6.6. Présentation des personnes interviewées

La partie la plus importante de ce mémoire est constituée par les entretiens que vous pourrez retrouver entièrement retranscrits aux pages 118 à 223.

Les récit, si généreusement et spontanément offerts, sont tous riches et bouleversants. Des antagonismes et des similitudes étonnants sont révélés, des philosophies de vie sont abordées, des douleurs ravivées, toute la force de l’humain tant lumineuse qu’abjecte y est dévoilée.

Roman de vies intimes, roman de la vie extraordinaire dans sa banale sordidité.

Les personnes entretenues pour l’élaboration de mon mémoire, dont quatre femmes et un homme viennent d’horizons, de niveaux sociaux, d’univers professionnels différents. Elles ont toutes vécu des situations d’ostracisme et de brimade pendant leur enfance, durant leur parcours scolaire.

Il m’est paru opportun de vous offrir une succincte présentation de qui ils sont, de leurs parcours de vie. Leur donner forme pour qu’ils ne soient pas de simples prénoms aux yeux des lecteurs. Afin qu’ils ne soient, au grand jamais, réduits à de tristes étiquettes de victimes émissaires. Faire ressurgir l’humain tout en respectant l’anonymat et l’intimité pour que puissent se dessiner devant vos yeux des personnes à part entière, riches et composées de multiples dimensions. L’être dans toute sa magnifique complexité intrinsèque. Voici les portraits des personnes interviewées.

6.6.1. Succincte présentation d’Alice

Alice est une jeune femme enceinte âgée de vingt-neuf ans. Ses parents sont d’origine italienne. Sa mère, née en Suisse, travaille comme secrétaire médicale. Son père, chauffeur de taxis, est arrivé à Genève pendant son adolescence. Elle a un frère de deux ans son aîné, avec qui elle entretient des rapports complices. Toute sa famille est très unie. Durant son enfance, son environnement familial sain lui a permis de s’épanouir en toute quiétude sous le regard bienveillant de ses parents. La famille a toutefois connu des moments difficiles lorsque le père s’est retrouvé au chômage suite à la faillite de son magasin. De plus, le père d’Alice avait de la peine à comprendre que sa fille puisse rencontrer des difficultés dans les apprentissages scolaires.

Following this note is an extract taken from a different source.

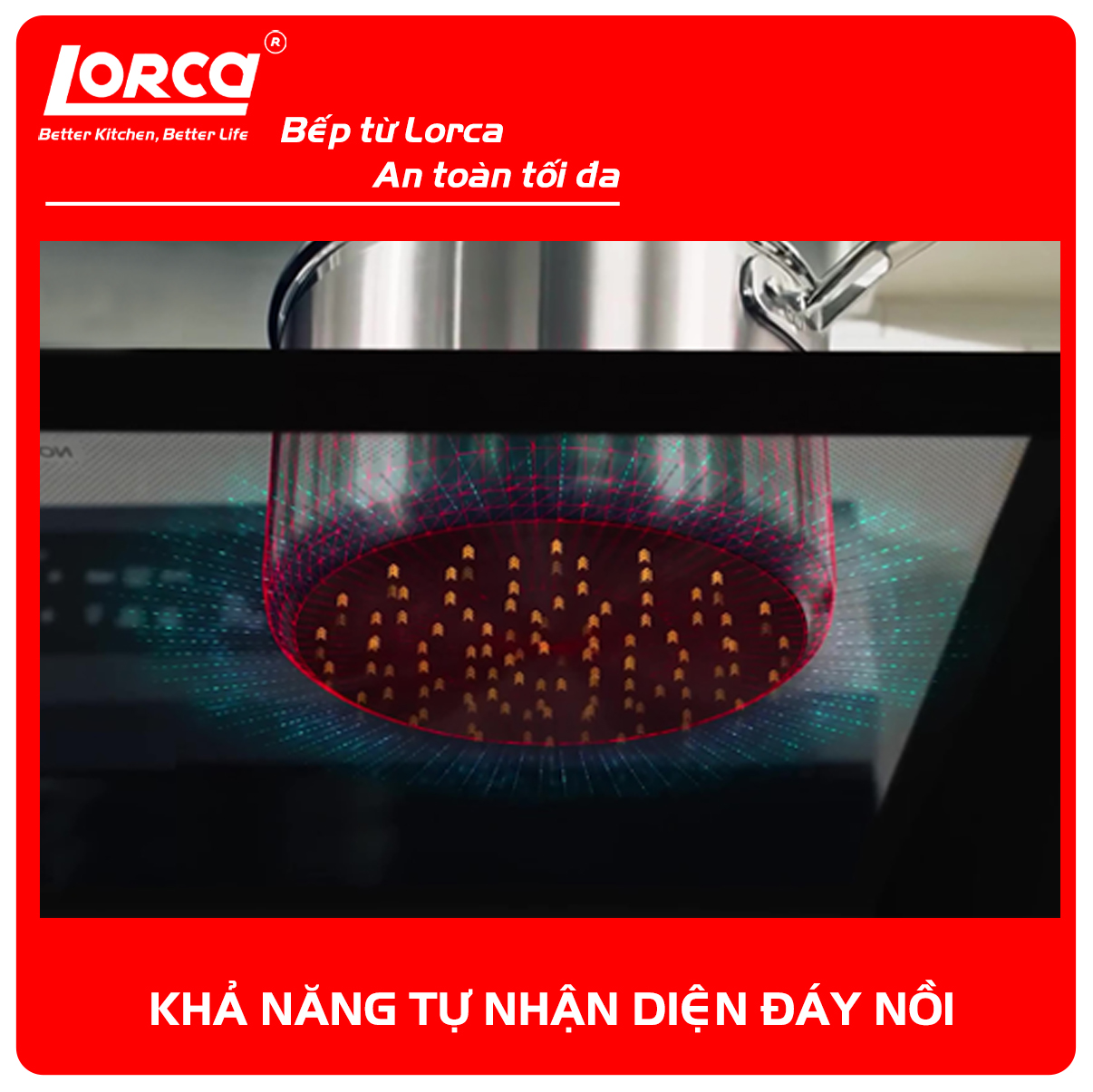 cong-nghe-tu-dong-nhan-dien-day-noi-tren-bep-tu-la-gi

Petite fille rêveuse et timide, elle adorait, des heures durant, jouer avec ses

« Barbies » et ses « Popol’s » dans un monde paradisiaque fabriqué selon son idéal d’enfant. Sa scolarité s’est déroulée dans la campagne genevoise au sein d’une école publique accueillant des enfants issus de familles aisées ainsi que de la classe moyenne. Les enfants de nationalités étrangères y faisaient encore figure d’exceptions. Elle s’est vue contrainte de doubler sa deuxième primaire. Tout le reste de sa scolarité s’est déroulé sans grand éclat. Elle ne se sentait pas vibrer de la fibre estudiantine et avait de la peine à se conformer au système et aux exigences d’excellence de l’école. Après le cycle d’orientation, elle a suivi deux ans d’études à l’Ecole de Culture Générale et y mit un terme avant la troisième année, n’ayant plus le courage de continuer dans cette voie qui ne lui correspondait guère. Elle se lança dans des études de médecine parallèle et devint après plusieurs années masseuse professionnelle. Pendant la même période, afin de financer son école privée, elle exerça divers petits emplois. Elle fut, tour à tour, « Mary Poppins » en s’occupant de deux petites filles à leur domicile, emballeuse d’objets de vente par correspondance, vendeuse dans un magasin diététique. Depuis plusieurs années, elle exerce en tant qu’aide soignante non qualifiée dans une maison de retraite et s’apprête dans un proche avenir à suivre une formation qui lui donnera le titre d’assistante en soins communautaires.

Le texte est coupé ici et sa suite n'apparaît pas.